Will this small business optimistic outlook continue? It would be great, but probably not likely. There are several factors that may have an impact on consumer spending in the last four months of this year. With the delay in coming to an agreement on a second stimulus package, a second stimulus check isn’t immediately on the horizon, if it is going to happen at all. The federal unemployment boost has expired. Many people simply will not have the money to spend. This recession that started in February has impacted not just low wage workers, but also white color workers in unprecedented numbers. As we have moved towards a more normal business climate, lower-wage jobs have rebounded first. White-collar jobs earning over $50,000 annually are not returning quickly and some will not at all. Long-term white-collar unemployment will have a profound impact going forward because they will not be spending in blue-collar service businesses such as salons, gyms, and restaurants.

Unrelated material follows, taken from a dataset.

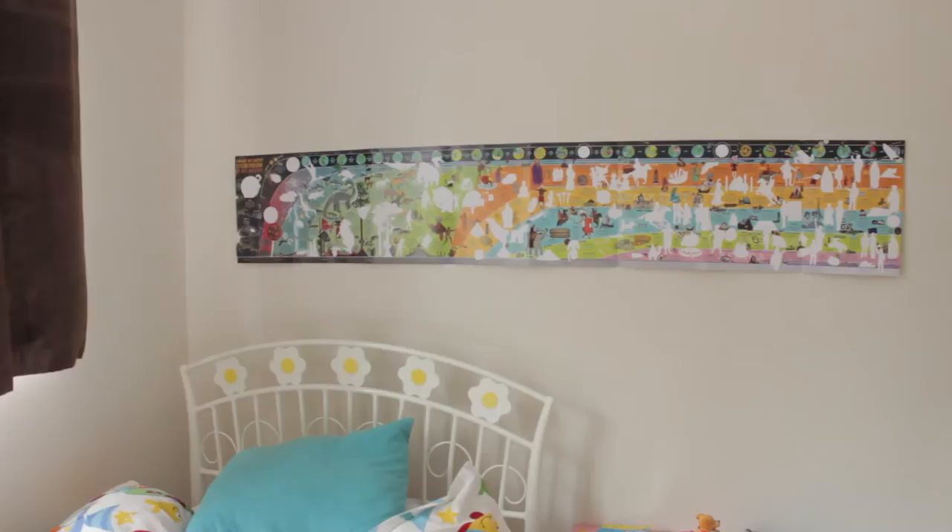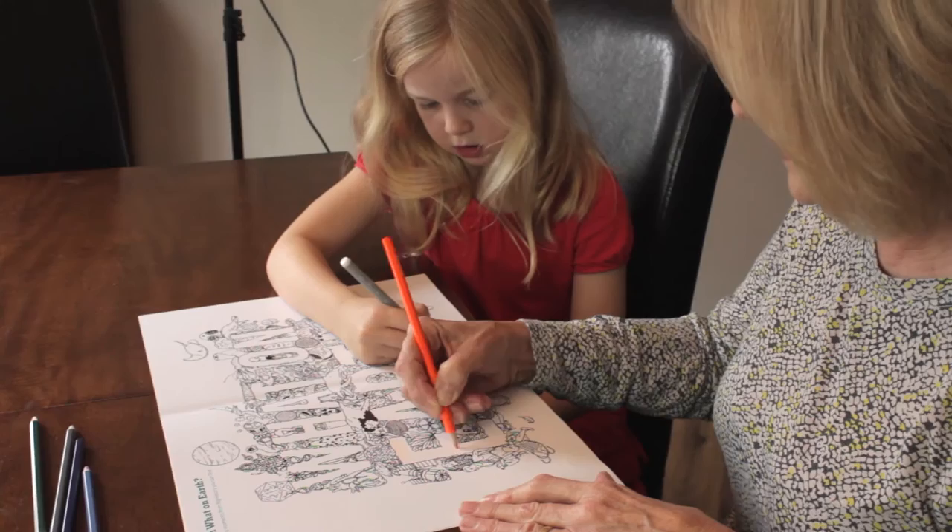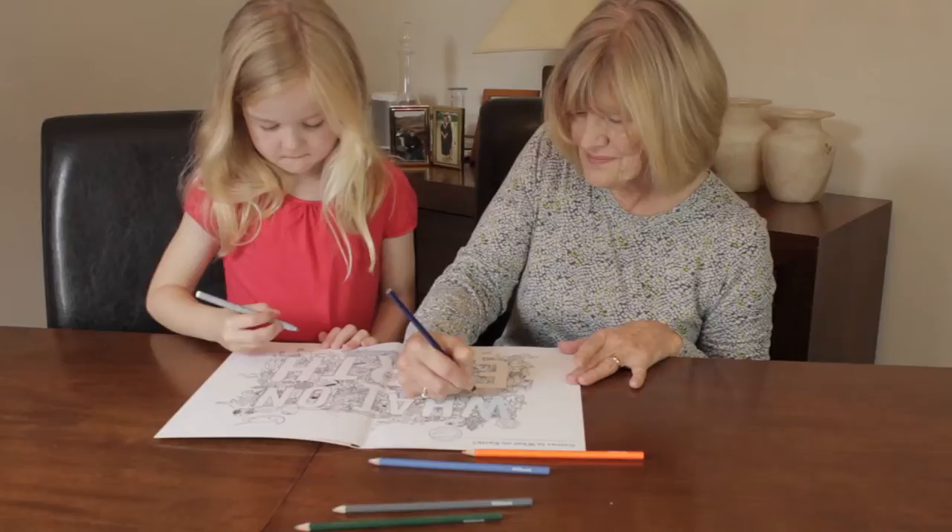Once complete, the timeline can be detached along a specially perforated edge so it can be easily fixed with blue tack or tape onto a bedroom or playroom wall. Afterwards, parents and children can both enjoy colouring in the What on Earth poster, which makes the perfect finishing touch to the sticker book timeline display.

We all must face the fact that recovery from the recession may be coming slowly with a majority of economists saying not to expect it until late 2020 or early 2021. One-fourth of economists says to prepare for a double dip recession.
This means that the main street won’t be moving forward in a straight line to recovery. Small businesses must have a strategy to hang on for a longer haul than we had hoped. Learning and taking advice from other businesses can help as well. As consumers, we must continue to support out local small businesses and to shop small and shop local as much as possible.